From what I know, V.S. Naipaul is not a very nice man. Entire books have been written about the hurt feelings he's engendered. But "Trust the art, not the artist." He certainly has that relentless, irresistible x-ray eye that as a writer that I desperately long to emulate.
WHAT HATH GOD WROUGHT by Daniel Walker Howe – Like many older men, I've gotten into reading a lot of history books. I've always read a lot of non-fiction for research for things I've been working on, but several years ago, I really got on a history jag. Especially American history – to help me understand this crazy country of ours that I love.
I've read long books on the Civil War, Lincoln, Gettysburg, the American Revolution, the Mayflower, World War II, FDR, Bush v. Gore, etc., etc., but no book impressed me as much as WHAT HATH GOD WROUGHT: The Transformation of America, 1815-1848 by Daniel Taylor Howe. The subtitle is the giveaway. Everybody knows about the big wars and famous people – the Revolution and the Civil War, Washington and Lincoln ("Chaps and scraps!") – but this is the book that shows how we got from the Revolution to the Civil War. It's about America's adolescence – and you know how difficult those years are.
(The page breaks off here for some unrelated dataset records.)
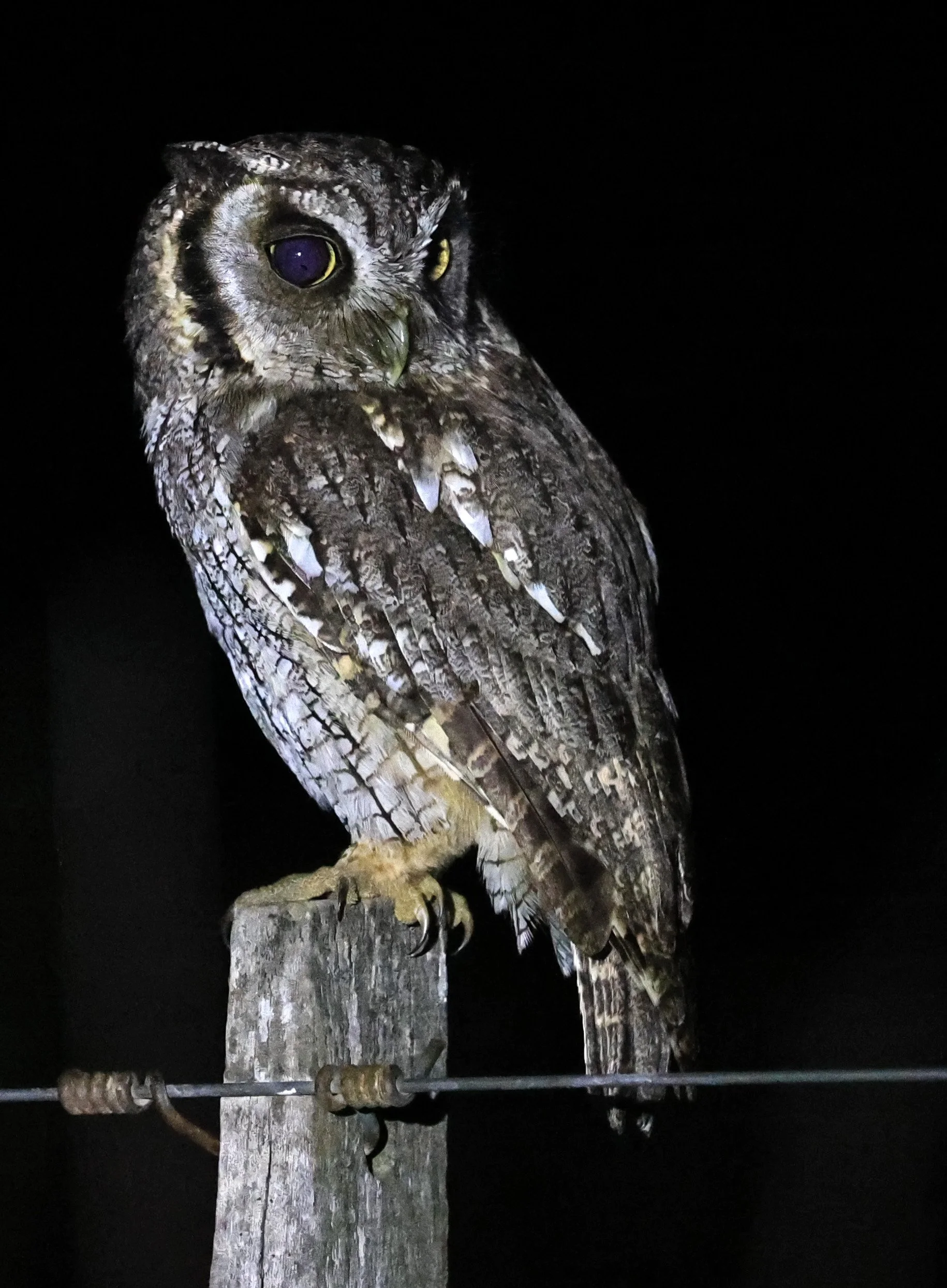 Tropical Screech-Owl (Megascops choliba) Hotel Campestre Iparoma Paraguay (38).jpg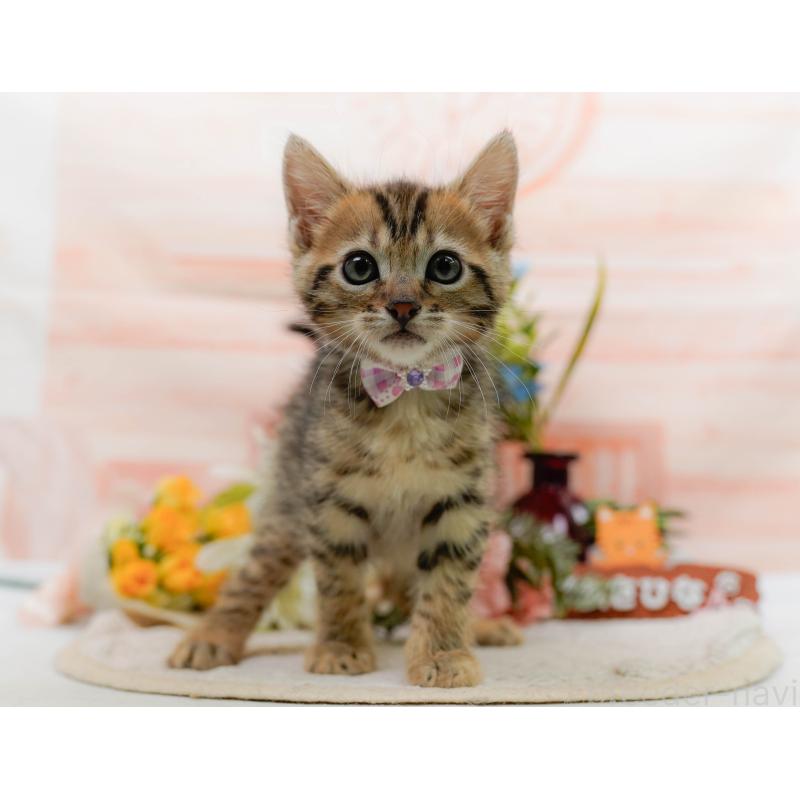 販売中の神奈川県のマンチカン-133514の12枚目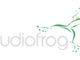 Audiofrog partners with Synergy Marketing Agency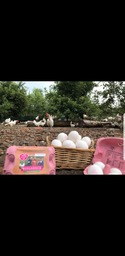 Eieren zorgboerderij Groot Wagensveld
One of the best things about reading history is seeing the parallels and repeating patterns of human behavior. In some ways, people don't change. (Hell, in some ways, we're still cavemen!!) But it is very interesting to see how the particulars of an era play out, demonstrating the universality of human behaviors, especially when narrated by an excellent historian like Howe. The era this book describes confronts issues that perfectly parallel our own crazy age: the all-important raw material that affects political decision-making (cotton, then; oil, now), the ground-breaking new technologies that upset the existing order (telegraphy, steamboating, and railroading, then; the digital revolution, now), the religious controversies (the Great Awakening and Mormonism, then; fundamentalist Christianity and Scientology, now), and wars of dubious origin (the Mexican War, then; the Iraq War, now.)
The book shows how very little America and its "issues" have changed in two hundred years. The particulars may vary, but some things -- racism, greed, ignorance, selfishness, short-sightedness, fanaticism -- are eternal.
Howe's book is long – almost 900 pages – but it's worth it. It's a real eye-opener and mind-expander. And I'm not the only person who admired this book: it won the Pulitzer Prize for History in 2008.